Hüseyin Üzmez hasta mı, suçlu mu?

Prof. Dr. Nevzat Tarhan
Cinsel taciz ve istismar olaylarında kurbanlar kadar faillerin de muayenesi gerekir. Sayın Hüseyin Üzmez’in psikiyatrik kontroldan geçmemesi çok şaşırtıcı.
 
Çocuğa cinsel taciz suçundan sanık Sayın Hüseyin Üzmez’le ilgili Adli Tıp Raporu ciddi şekilde tartışılıyor. Ancak tartışma hep çocuk çevresinde dolaşıyor.
 
“Çocukta cinsel taciz sonucu nasıl fiziksel veya ruhsal hasar olmazmış” tepkisi var.
 
Çocuğu muayene eden hekim veya hekimlerin tıbbi verilerini ve gerekçelerini görmeden, adli dosyayı incelemeden bir yorum yapmak yanlış olur.
 
Fakat asıl tartışılması ve kamu vicdanının rahatlatılması gereken konu çocuk değil 78 yaşındaki aktördür. Muayene edilmesi ve hasta olup olmadığının değerlendirilmesi gereken kişi odur. Adli Tıp Kurumu’na muayeneye gönderilmemiş olması çok şaşırtıcı.
 
65 yaşını geçen bir kişi notere işlem için gittiğinde ‘Akıl zayıflığı, hastalığı veya bunama belirtileri’ olup olmadığına dair Psikiyatrik Rapor istenir. Sağlam raporu olmayanlara verilecek her karar da bu eksiklik Yargıtayca bozma nedeni olarak kabul edilir.
 
Eğer cinsel davranım bozukluğu ‘Seks Bağımlılığı’ tanısını alıyorsa ceza azami sınırlardan verilir. Yahut ‘Frontal Lob Demansı’ olarak bilinen bir bunama türü varsa cezai ehliyeti yoktur. Ceza verilmez, ancak kısıtlama uygulanır.
 
Bu bunama türünde kişi utanmaz, sıkılmaz, pişmanlık duymaz, hatasını küçümser ve cinsel arzularını baskılamakta zorlanır. Kişiliğinin diğer alanları sağlıklı olabilir. Sathi bir değerlendirme ile sağlıklı olduğu zannedilir. Bazı nöropsikolojik testlerle ve beyin görüntüleme verileri ile kesin tanı koyulabilir.
 
Komşusuna, torununa sarkan yaşlılar bu gözle mutlaka değerlendirilmelidir.
 
Şimdi Sayın Üzmez’in cezaevinden çıkar çıkmaz televizyonlarda boy göstermesi, olayı küçümsemesi, fevri konuşmaları, kendisine kızların asıldığını övünerek anlatması, kişilik değişikliği gösteren bir tür bunama belirtilerini çağrıştırmaktadır. ‘Disinhibisyon’ denilen araz da kişi isteklerini, konuşmalarını, öfkesini denetlemeyi başaramaz.
 
Sayın Üzmez’in davranışsal belirtileri olan kişilik değişimi biçiminde bir tür bunama içinde olması kuvvetli bir ihtimaldir.
 
Bizim mahallenin adamı denilerek örtbas etmeye çalışanlar veya karşı mahallenin adamı diyerek abartarak yorumlayanlar mahcup olabilirler.
 
Eğer Sayın Hüseyin Üzmez sağlıklı bir insan ise vicdanının sesini dinler nefs ve şeytanın yeni hilelerine karşı inzivaya çekilirdi.

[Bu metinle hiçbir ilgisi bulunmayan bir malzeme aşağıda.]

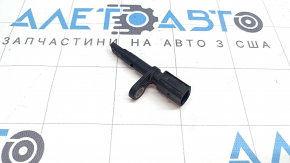 Senzor ABS spate dreapta Audi Q8 19-25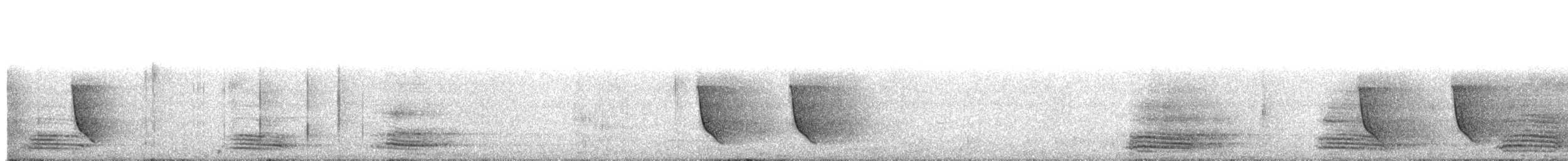 Eastern Yellow Robin - ML646166856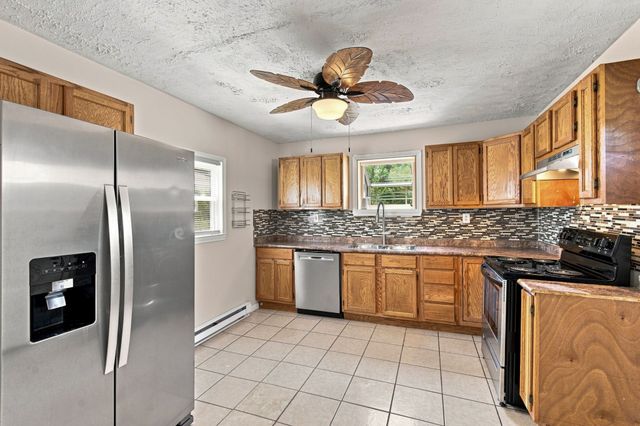 909 42nd Ave, N, Nashville, TN 37209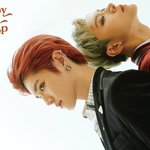 일주일만에 또 컴백한 <b>NCT</b> U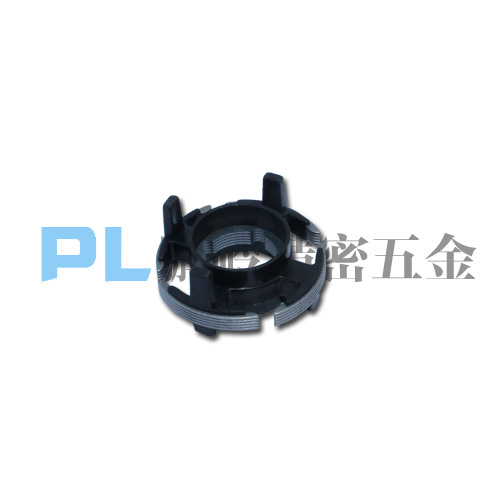 矽钢片包塑厂家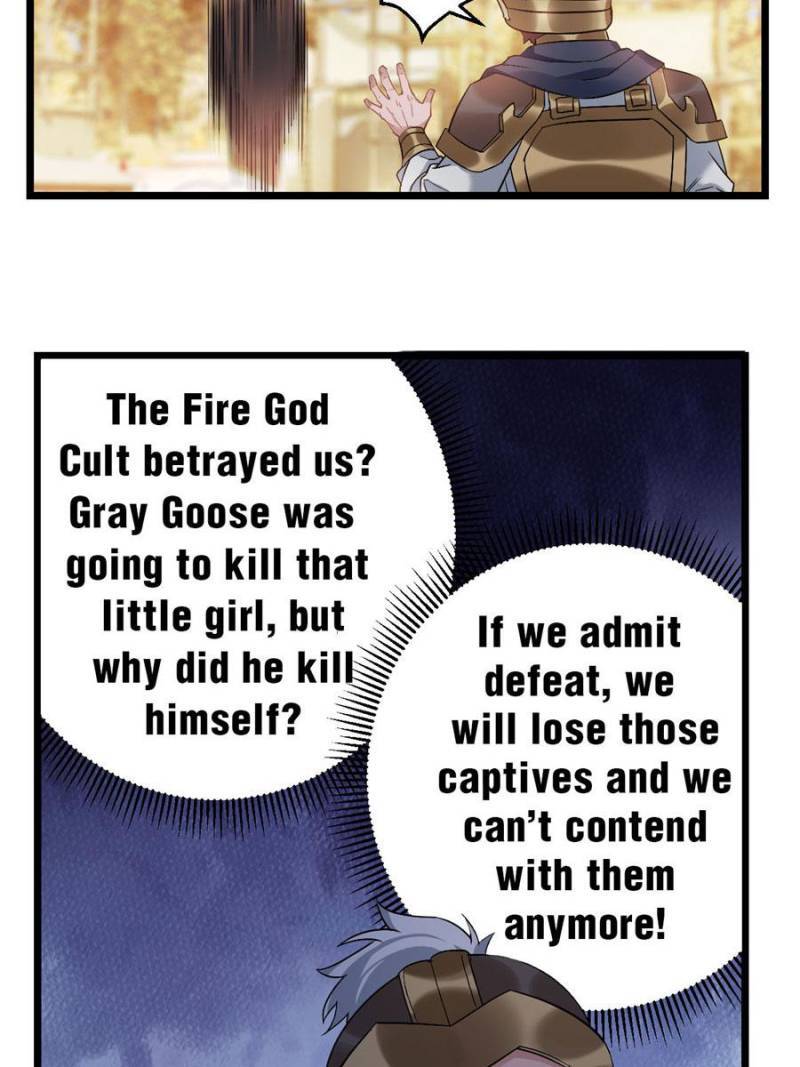 Chapter 84 - Image 54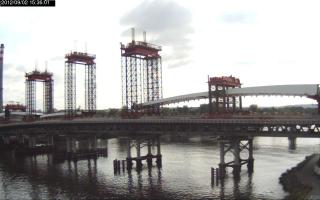 153601_327285816.jpg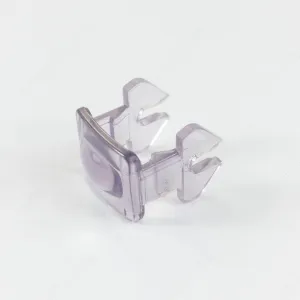 Steam Slider clip for PHILIPS Steam Iron Azur Precise GC4320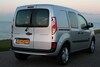 Renault Kangoo Express Energy dCi 90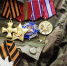 Участник программы «Герои Подмосковья» поделился деталями своей подготовки - Regions.Ru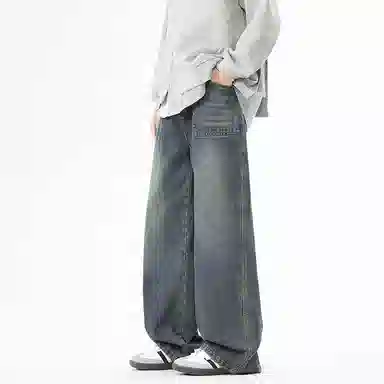 Oversize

Hem kıza ve ailesine zarar vermemiş olur hemde dostlarının yüzüne bakabileceği, başı dik dolaşabileceği güne kadar aklanmayı beklerdi.
 
Lütfen Hüseyin Üzmez’le karşılaşan dostları onunla torunları ve kızlarını aynı evde bırakıp bırakamayacaklarını düşünsünler. Mutlaka tavır koysunlar. Buna faydalı mahalle baskısı denilir, toplumu ve gelecek kuşakları korumuş oluruz.
 
Hüseyin Üzmez’in eşinin pişkin tavırları çok şaşırtıcı ve cahilce. Hiç mi kadınlık onuru yok, bu nasıl dindarlık anlayışı? “Zevce-i Tahirat” hayatlarını hiç mi okumamış?
 
Demek ki insanlar nefislerini ve menfaatlerini herşeyden daha çok seviyorlar ve inançlarını kolayca ucuza satabiliyorlar.